[Dataset items]
* * * *

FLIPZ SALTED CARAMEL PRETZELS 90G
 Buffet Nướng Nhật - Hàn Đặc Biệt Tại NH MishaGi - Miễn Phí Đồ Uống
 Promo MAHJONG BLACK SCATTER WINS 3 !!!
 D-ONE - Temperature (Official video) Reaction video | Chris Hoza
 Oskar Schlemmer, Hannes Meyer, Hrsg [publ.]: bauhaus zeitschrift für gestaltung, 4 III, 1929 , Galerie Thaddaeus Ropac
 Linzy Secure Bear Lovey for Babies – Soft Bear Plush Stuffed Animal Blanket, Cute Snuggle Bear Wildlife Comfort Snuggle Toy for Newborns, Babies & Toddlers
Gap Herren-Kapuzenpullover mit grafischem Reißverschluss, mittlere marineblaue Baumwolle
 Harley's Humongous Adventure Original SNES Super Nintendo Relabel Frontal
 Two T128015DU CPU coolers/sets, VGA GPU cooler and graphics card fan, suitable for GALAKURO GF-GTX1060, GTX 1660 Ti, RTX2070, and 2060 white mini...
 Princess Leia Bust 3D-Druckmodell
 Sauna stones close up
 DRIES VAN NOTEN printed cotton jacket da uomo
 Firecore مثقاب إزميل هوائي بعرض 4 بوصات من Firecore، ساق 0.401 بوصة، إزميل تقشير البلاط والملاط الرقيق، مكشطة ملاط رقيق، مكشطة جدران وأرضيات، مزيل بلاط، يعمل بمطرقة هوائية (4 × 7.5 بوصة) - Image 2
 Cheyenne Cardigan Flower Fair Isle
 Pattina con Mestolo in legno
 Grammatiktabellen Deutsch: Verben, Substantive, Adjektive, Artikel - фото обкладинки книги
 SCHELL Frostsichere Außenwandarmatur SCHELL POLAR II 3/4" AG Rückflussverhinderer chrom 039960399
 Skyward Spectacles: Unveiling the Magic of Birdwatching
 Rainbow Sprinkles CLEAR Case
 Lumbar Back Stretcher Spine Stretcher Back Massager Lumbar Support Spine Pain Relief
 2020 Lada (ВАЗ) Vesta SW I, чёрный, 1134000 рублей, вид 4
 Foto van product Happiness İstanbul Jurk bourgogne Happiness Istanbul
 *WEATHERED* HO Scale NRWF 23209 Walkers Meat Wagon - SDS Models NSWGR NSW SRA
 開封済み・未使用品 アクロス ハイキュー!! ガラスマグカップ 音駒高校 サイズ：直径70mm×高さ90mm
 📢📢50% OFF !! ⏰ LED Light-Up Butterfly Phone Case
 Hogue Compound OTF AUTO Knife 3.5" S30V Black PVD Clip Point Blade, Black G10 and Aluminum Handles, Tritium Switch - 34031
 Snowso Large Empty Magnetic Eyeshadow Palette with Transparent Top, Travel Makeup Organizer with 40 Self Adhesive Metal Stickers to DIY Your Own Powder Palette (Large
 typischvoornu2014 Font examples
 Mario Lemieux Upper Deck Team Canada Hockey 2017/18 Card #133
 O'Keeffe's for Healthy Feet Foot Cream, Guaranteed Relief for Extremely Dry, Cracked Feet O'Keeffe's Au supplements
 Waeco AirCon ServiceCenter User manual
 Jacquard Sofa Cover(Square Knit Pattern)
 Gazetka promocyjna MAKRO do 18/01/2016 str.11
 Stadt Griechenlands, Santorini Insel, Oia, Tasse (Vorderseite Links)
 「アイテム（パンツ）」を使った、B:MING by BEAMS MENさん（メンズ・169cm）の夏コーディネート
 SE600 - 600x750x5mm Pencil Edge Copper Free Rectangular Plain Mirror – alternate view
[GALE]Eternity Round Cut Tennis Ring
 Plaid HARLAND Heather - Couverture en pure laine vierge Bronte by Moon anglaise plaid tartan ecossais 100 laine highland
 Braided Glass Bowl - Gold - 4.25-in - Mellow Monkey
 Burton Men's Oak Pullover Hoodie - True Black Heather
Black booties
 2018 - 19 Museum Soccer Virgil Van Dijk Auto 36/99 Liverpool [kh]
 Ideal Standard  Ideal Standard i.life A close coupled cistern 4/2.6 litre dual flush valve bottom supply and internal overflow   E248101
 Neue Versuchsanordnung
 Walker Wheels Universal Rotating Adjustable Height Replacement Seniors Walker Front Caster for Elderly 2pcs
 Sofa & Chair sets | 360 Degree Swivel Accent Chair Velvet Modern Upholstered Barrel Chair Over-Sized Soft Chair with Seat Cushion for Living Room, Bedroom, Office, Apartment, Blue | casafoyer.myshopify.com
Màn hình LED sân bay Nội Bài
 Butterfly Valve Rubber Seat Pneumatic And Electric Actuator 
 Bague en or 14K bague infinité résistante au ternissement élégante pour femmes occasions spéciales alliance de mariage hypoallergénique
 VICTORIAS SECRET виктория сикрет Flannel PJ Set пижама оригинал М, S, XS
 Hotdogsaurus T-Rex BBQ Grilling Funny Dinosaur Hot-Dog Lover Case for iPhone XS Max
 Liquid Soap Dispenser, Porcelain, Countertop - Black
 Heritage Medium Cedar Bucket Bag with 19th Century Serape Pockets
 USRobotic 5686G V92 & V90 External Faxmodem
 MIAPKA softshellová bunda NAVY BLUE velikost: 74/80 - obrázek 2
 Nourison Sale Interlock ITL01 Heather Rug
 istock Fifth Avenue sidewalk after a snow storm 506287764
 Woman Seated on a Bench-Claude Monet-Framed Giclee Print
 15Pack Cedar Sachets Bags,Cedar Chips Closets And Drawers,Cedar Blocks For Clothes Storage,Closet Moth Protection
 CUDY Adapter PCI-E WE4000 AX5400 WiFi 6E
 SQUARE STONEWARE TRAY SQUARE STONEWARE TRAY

* * * *

#### EXERCISE OBJECTIVE
Print the lines above from the one with "Skyward Spectacles: Unveiling" through the one with "Mario Lemieux Upper", both included, exactly as written and nothing more.

#### SOLVED PROBLEM
 Skyward Spectacles: Unveiling the Magic of Birdwatching
 Rainbow Sprinkles CLEAR Case
 Lumbar Back Stretcher Spine Stretcher Back Massager Lumbar Support Spine Pain Relief
 2020 Lada (ВАЗ) Vesta SW I, чёрный, 1134000 рублей, вид 4
 Foto van product Happiness İstanbul Jurk bourgogne Happiness Istanbul
 *WEATHERED* HO Scale NRWF 23209 Walkers Meat Wagon - SDS Models NSWGR NSW SRA
 開封済み・未使用品 アクロス ハイキュー!! ガラスマグカップ 音駒高校 サイズ：直径70mm×高さ90mm
 📢📢50% OFF !! ⏰ LED Light-Up Butterfly Phone Case
 Hogue Compound OTF AUTO Knife 3.5" S30V Black PVD Clip Point Blade, Black G10 and Aluminum Handles, Tritium Switch - 34031
 Snowso Large Empty Magnetic Eyeshadow Palette with Transparent Top, Travel Makeup Organizer with 40 Self Adhesive Metal Stickers to DIY Your Own Powder Palette (Large
 typischvoornu2014 Font examples
 Mario Lemieux Upper Deck Team Canada Hockey 2017/18 Card #133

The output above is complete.